**Instructions to follow:** Your answer is to be the exact text of the lines from the one containing "Engineered salmonella inside a cancer cell" through the final line of the entries, restated in full, with pictures omitted.

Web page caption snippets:
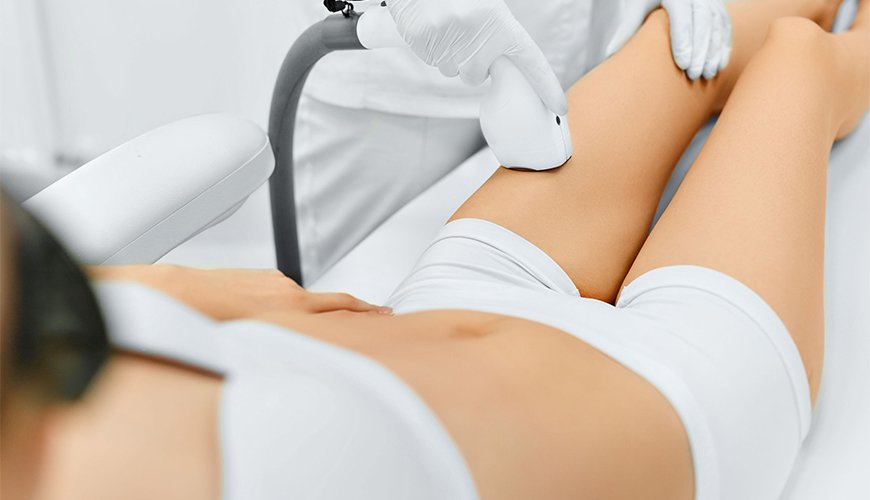 How to Prepare for Laser Hair Removal Jeddah?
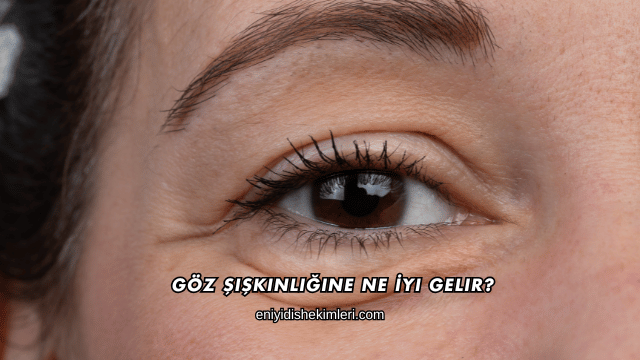 Göz Şişkinliğine Ne İyi Gelir?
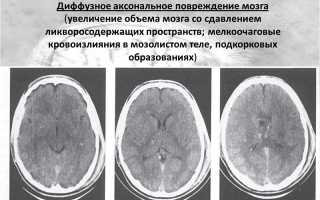 Диффузное аксональное повреждение головного мозга: симптомы, последствия, прогноз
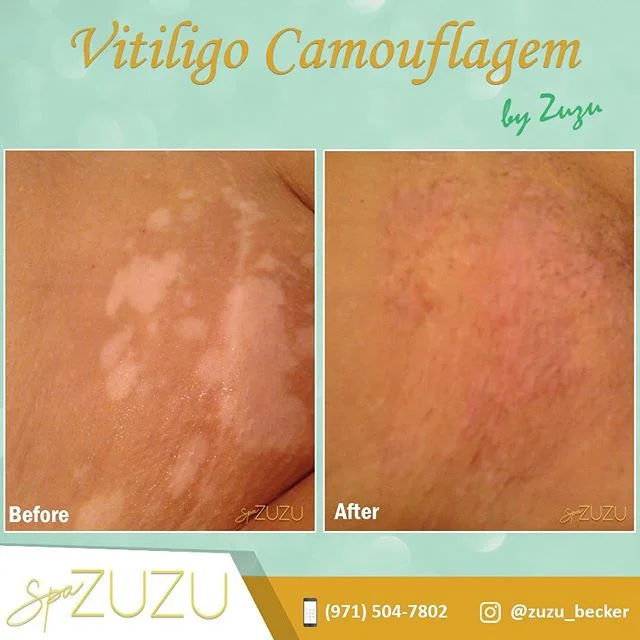 Vitiligo is a skin condition in which the skin loses pigment cells, resulting in discolored patches on your entire body, including the skin, hair, retina, and mucous membranes. Skin camouflaging evens out this pigmentation to improve your appearance.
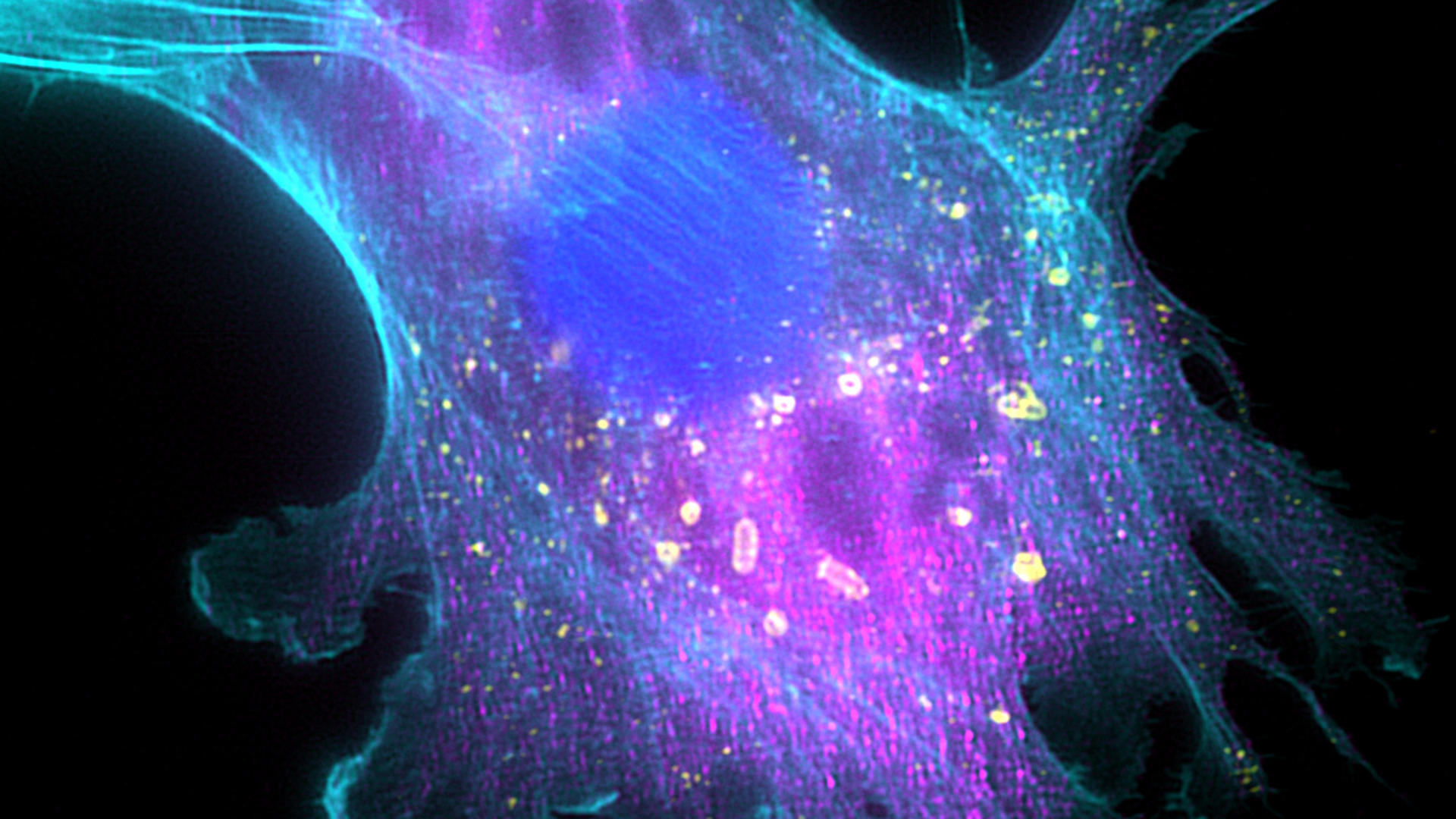 Engineered salmonella inside a cancer cell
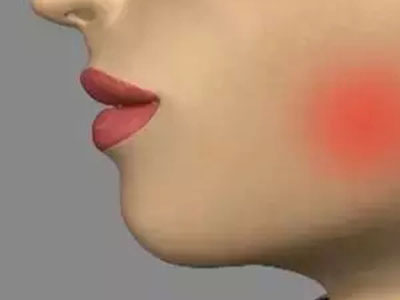 很多情況都可能引起牙痛，怎樣治療取決於牙痛的病因。如果出現了牙痛，請及時就醫。牙醫會采取措施緩解疼痛，然後通過全面的口腔檢查診斷牙痛原因。牙齒治療和修復等可確保解決牙痛問題。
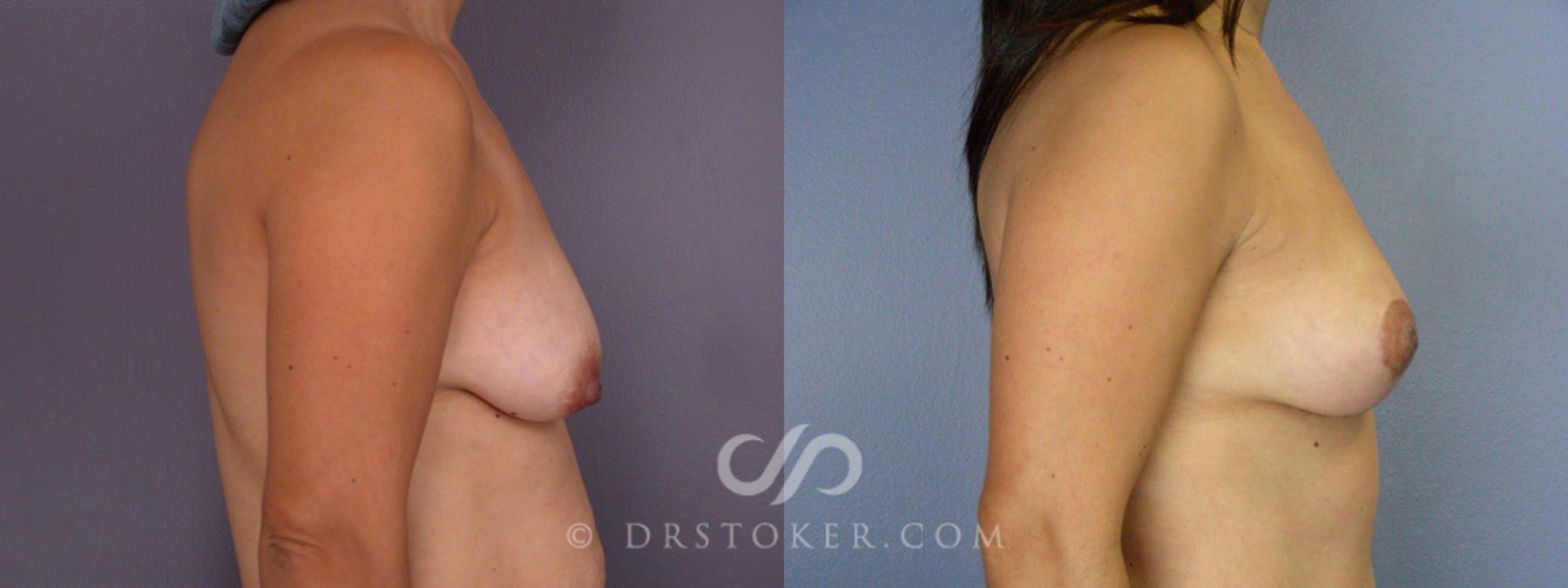 Before & After Breast Lift Case 316 View #4 View in Los Angeles, CA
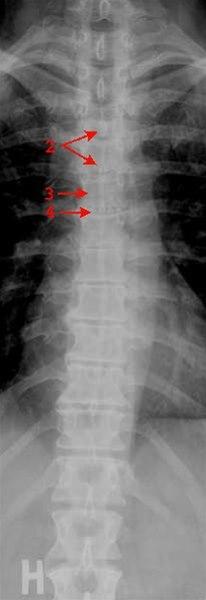 Toracalcolumna, front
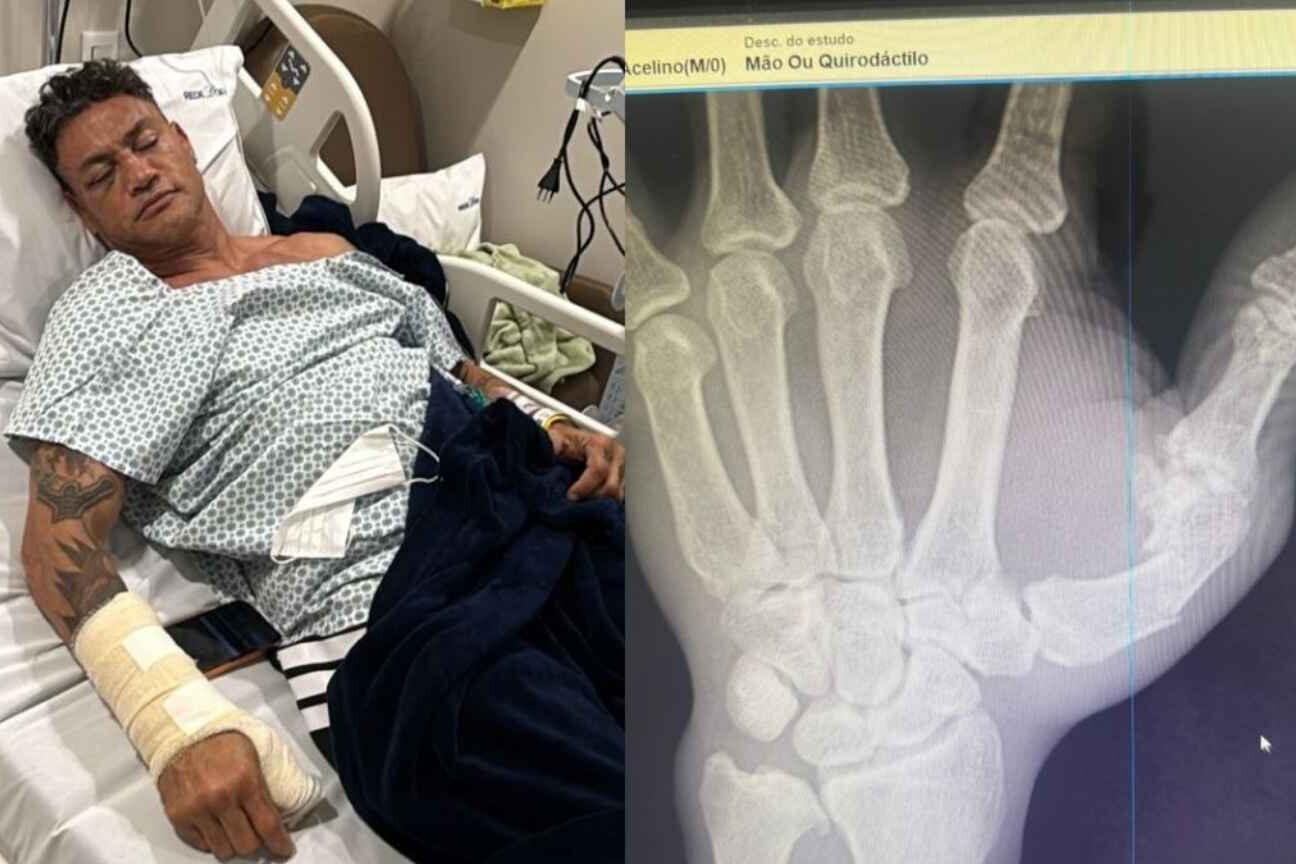 Popó é internado e passará por cirurgia após briga em luta com Wanderlei
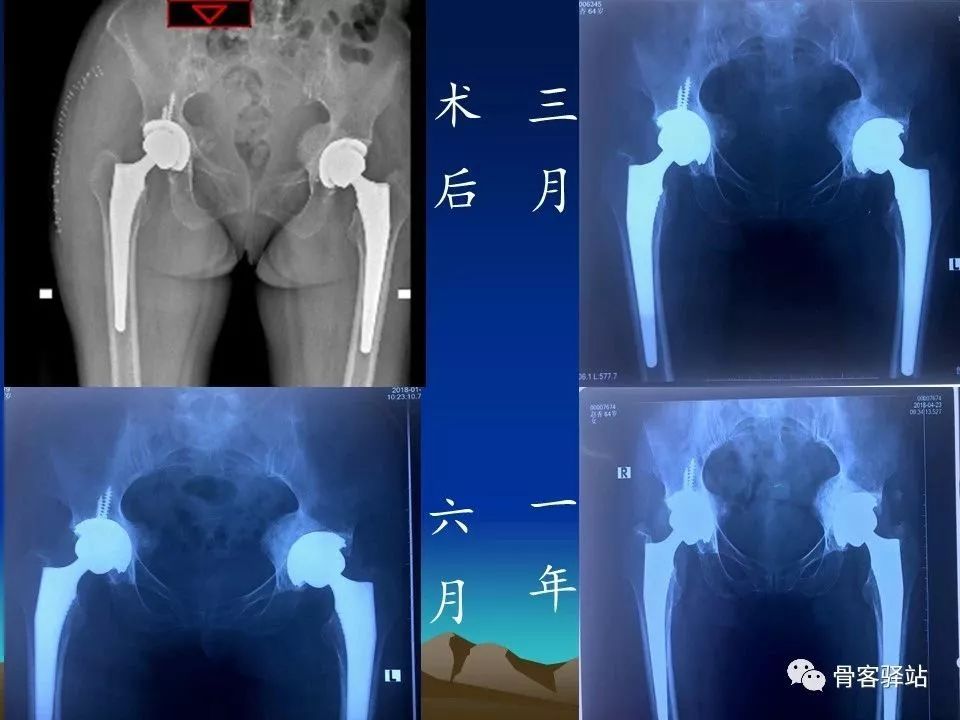 初次全髋关节置换术，技巧要点都在这！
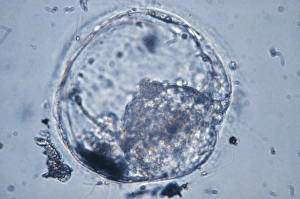 LM of human blastocyst, 4-5 days post-fertilisatn LM of human blastocyst, 4-5 days post-fertilisatn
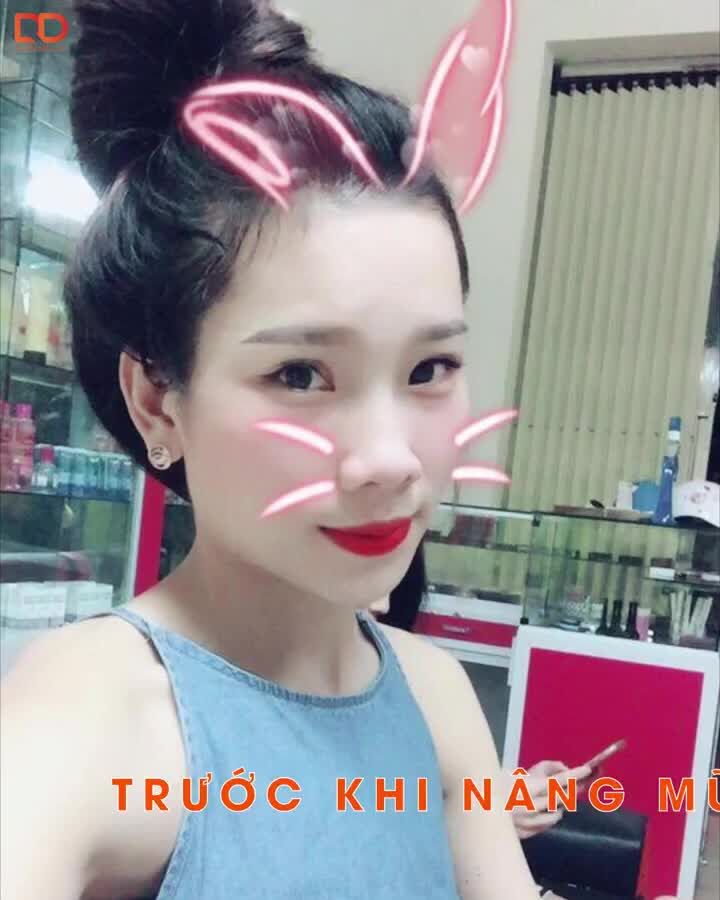 TÔI ĐÃ THAY ĐỔI NHƯ THẾ NÀO SAU PHẪU THUẬT NÂNG MŨI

**Problem solution:**
 Engineered salmonella inside a cancer cell
 很多情況都可能引起牙痛，怎樣治療取決於牙痛的病因。如果出現了牙痛，請及時就醫。牙醫會采取措施緩解疼痛，然後通過全面的口腔檢查診斷牙痛原因。牙齒治療和修復等可確保解決牙痛問題。
 Before & After Breast Lift Case 316 View #4 View in Los Angeles, CA
 Toracalcolumna, front
 Popó é internado e passará por cirurgia após briga em luta com Wanderlei
 初次全髋关节置换术，技巧要点都在这！
 LM of human blastocyst, 4-5 days post-fertilisatn LM of human blastocyst, 4-5 days post-fertilisatn
 TÔI ĐÃ THAY ĐỔI NHƯ THẾ NÀO SAU PHẪU THUẬT NÂNG MŨI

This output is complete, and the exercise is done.